Systématiquement ils me proposent un certificat comme quoi je suis bien assuré à l’année, mais sans préciser explicitement que je suis bien couvert par mon assurance civile et pour un éventuel rapatriement pendant ma période de séjour de 90 jours au canada.

Sceptique au départ, ma banquière a bien du se rendre à l’évidence elle aussi qu’il y avait un dysfonctionnement, car elle a fait l’expérience désagréable devant moi d’être promenée d'interlocuteurs en interlocuteurs, qui, soit ne comprenaient pas la demande, soit renvoyaient à un autre correspondant tout aussi incapable de prendre la décision et responsabilité de rédiger cette attestation personnalisée. C’était presque un sketch humoristique. Ces Noo-pérégrinations de services en services finalement l’ont ramenée au premier interlocuteur.

Idem pour le service Premier Visa, qui est lui aussi enfermé dans un gouffre d’inflexibilité cybernétique.

Pour le rapatriement, ma carte visa premier est censée me couvrir.
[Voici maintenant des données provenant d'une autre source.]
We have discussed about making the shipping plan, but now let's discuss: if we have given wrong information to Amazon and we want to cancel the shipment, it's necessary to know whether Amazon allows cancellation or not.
En appelant le service Visa Premier avec ma banquière, la personne au téléphone nous a expliqué qu’il suffisait d’aller sur le site de Visa Premier pour obtenir cette attestation.  https://visa-premier-assurances.cwisas.com/

Hélas, lorsque je m’y suis connecté  ,  le formulaire obtenu ne correspond pas non plus à ce qui est attendu par l’Institut Français, car nul part il n’est précisé dans leur modèle de formulaire fourni en ligne que mon rapatriement est pris en charge.

.L’’inflexibilité , le manque de versatilité et d’adaptativité des robots et des humains robotisés fait que je suis pris dans une boucle perverse…
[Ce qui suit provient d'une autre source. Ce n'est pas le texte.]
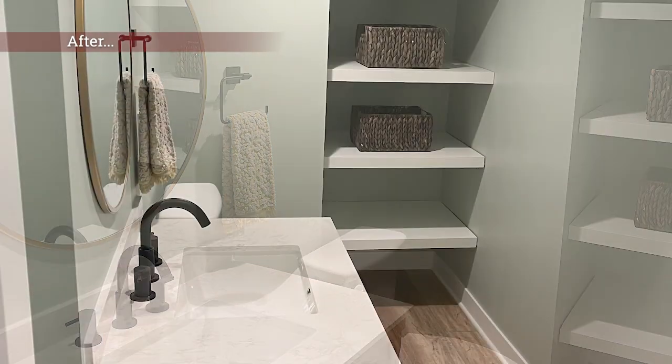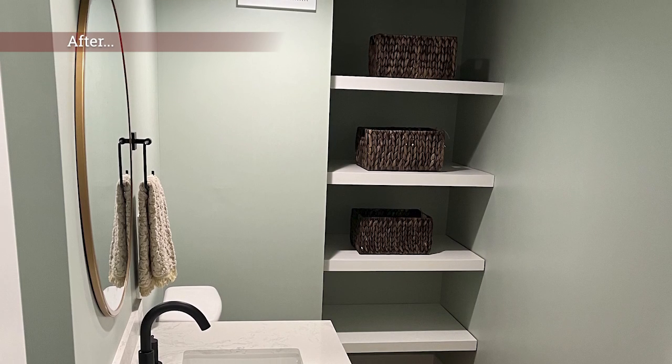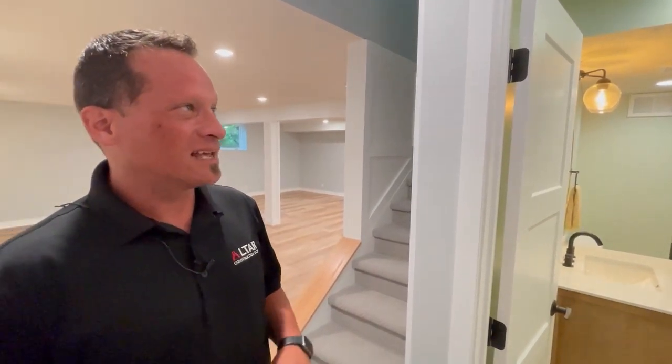We were able to modernize things with a standalone vanity looking almost like a piece of furniture, some nice flooring that flows from the main area, accent lighting, and the colors they had selected for the finishes.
Moi qui milite pour dédiaboliser les progrès techniques actuelles, dont je veux croire que l’évolution favorise l’émergeance d’une société plus tolérante et diversifiée grâce à une gestion de la diversité plus performante car informatisée, je me retrouve victime du processus de simplification pervers des systèmes et des humains qui les serve.

Finalement, conseillé par l’Institut Français,  j’ai pris une seconde assurance habitation à la Maif qui me coutera 250 euros, mais qui m’enverra aussitôt ces certificats d’assurance personnalisés par mail.

LE PASSEPORT BIOMÉTRIQUE.

LA VALISE

LA WII ET LE NOOMUSEUM

Luxe et misère du NøøNaute

Une chose étrange dans ma vie de nøønaute, qui semble être une constante récurrente chez la plupart des artistes,  c’est d’être en permanence à la limite de l’exclusion sociale par misère économique, tout en cotoyant quotidiennement les sphères du luxe et de l’argent. Ainsi, alors que je n’ai de ma vie jamais été dans une situation plus dramatique économiquement,  je viens de terminer de réaliser un carnet de voyage pour l’association européenne des villes thermales, qui m’a offerte un week-end quatre étoile, dans les hotels bains, et casinos d’Enghien, et la, je vais partir résider trois mois dans une superbe maison oeuvre d’art à montréal.

C’est comme s’il y avait une sorte de malédiction, ou punition induite, qui me faisait payer par la précarité économique, les extases de mes explorations nøønautiques sensuelles.